The Red Raiders outscore Minnesota 31-3 in the second half

Though Tech outscored the Gophers by 28 points in the second half to force overtime, the third quarter began with Minnesota grinding out a 16-play drive that took 7:13 off the clock and led to a field goal that extended the lead to 38-7.

But then, the game shifted with two subtle but critical strategic changes.  First, when Harrell and the Red Raider offense went to work, Minnesota stopped bringing pressure the way it had in the first half.

Going to a 3-man line and dropping its linebackers into coverage, Minnesota allowed the Tech offense, which had struggled to handle the Gopher’s blitz package, to find its rhythm.  And as we all know, once a Mike Leach offense finds its rhythm, it is virtually unstoppable.

Harrell led his team to four-straight touchdowns to open the half.  He hit Joel Filani for a 43-yard touchdown on the Red Raiders’ first possession to start the comeback.  Still, the 4th-quarter began with Tech trailing 38-14.

After the Gophers’ first punt of the game, Harrell led his team on an 11-play, 61-yard drive that culminated in a 6-yard Robert Johnson touchdown pass.  On the next possession, Harrell scored on a QB sneak from the 1-yard-line to cut the deficit to just 10 points.

Another UM punt led to a 9-play 56-yard drive that ended with a Shannon Woods’ 1-yard touchdown run and Tech was down only 38-35 with 2:39 to play.  The defense forced a punt and Tech regained possession at the 12-yard-line with just 1:06 to play.

Harrell drove the Raiders 53 yards in eight plays but with just five seconds to play, the Red Raiders had to turn to Alex Trlica, who knocked home a career-long 52-yard field goal to tie the game.

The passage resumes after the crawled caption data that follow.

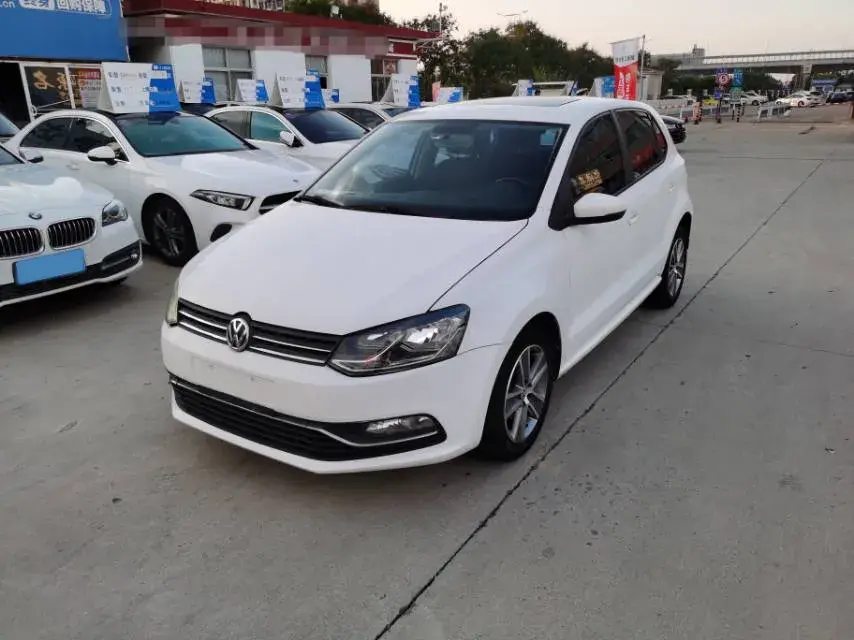 2016 Volkswagen Polo 1.6L 110HP L4 6AT
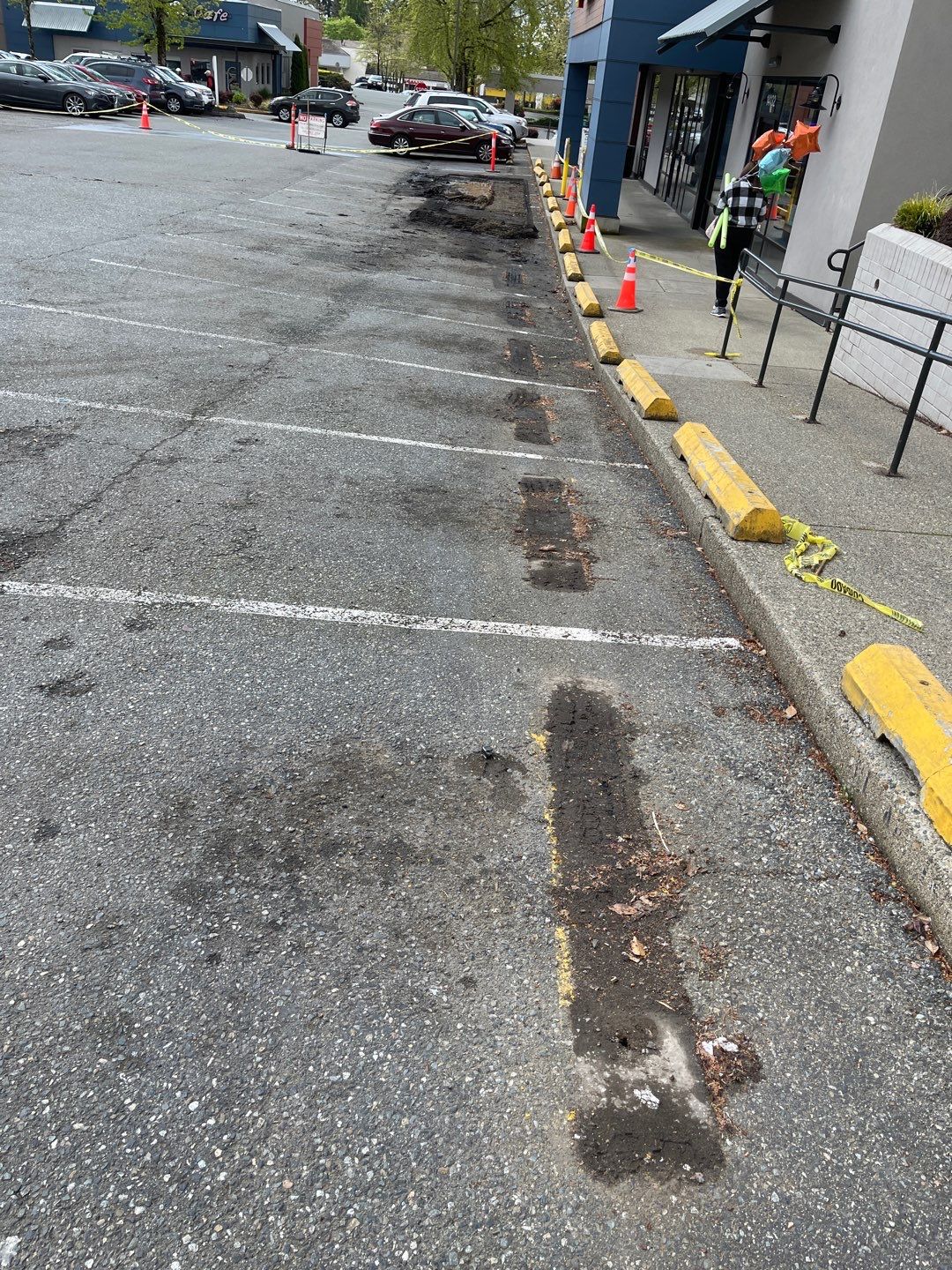 Colliers - Woodinville New Asphalt Parking Lot by Jireh Asphalt & Concrete Inc 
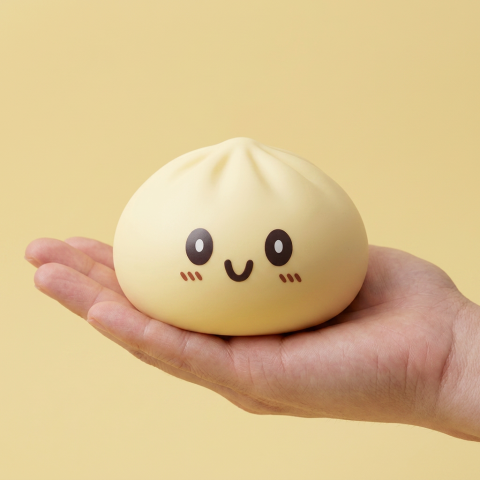 Squishy Dumpling Gelb Gigant XXL in der Hand gehalten, echte Größe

In overtime, the Red Raiders held Minnesota to a FG before Woods scored from 3 yards out to give Tech its first lead of the game and seal the comeback.

While the Minnesota defense did itself no favors by playing a soft zone, the offense also went into a shell and ran the ball on virtually every down that was not third-and-long.  After carrying the ball 17 times in the first half, Pinnix amassed 17 more carries in the second half but he amassed just  38 yards.

Tech’s key strategic decision, the other move that changed the game, was to bring strong safety Darcel McBath into the box and play a nine-man front to take away the ground game.  But what was surprising is that Minnesota stopped going to the play-action pass, which killed Tech in the first half.  Simmons had only two receptions for 33 yards after the break, which was indicative of how the entire offense went into a shell.

The Gophers learned the hard way that when facing a Mike Leach offense, the worst tactic is to play it safe.  By taking the air out of the ball on offense and calling off the dogs on defense, Minnesota allowed Tech to gain its footing and it ultimately cost them the game and their head coach his job.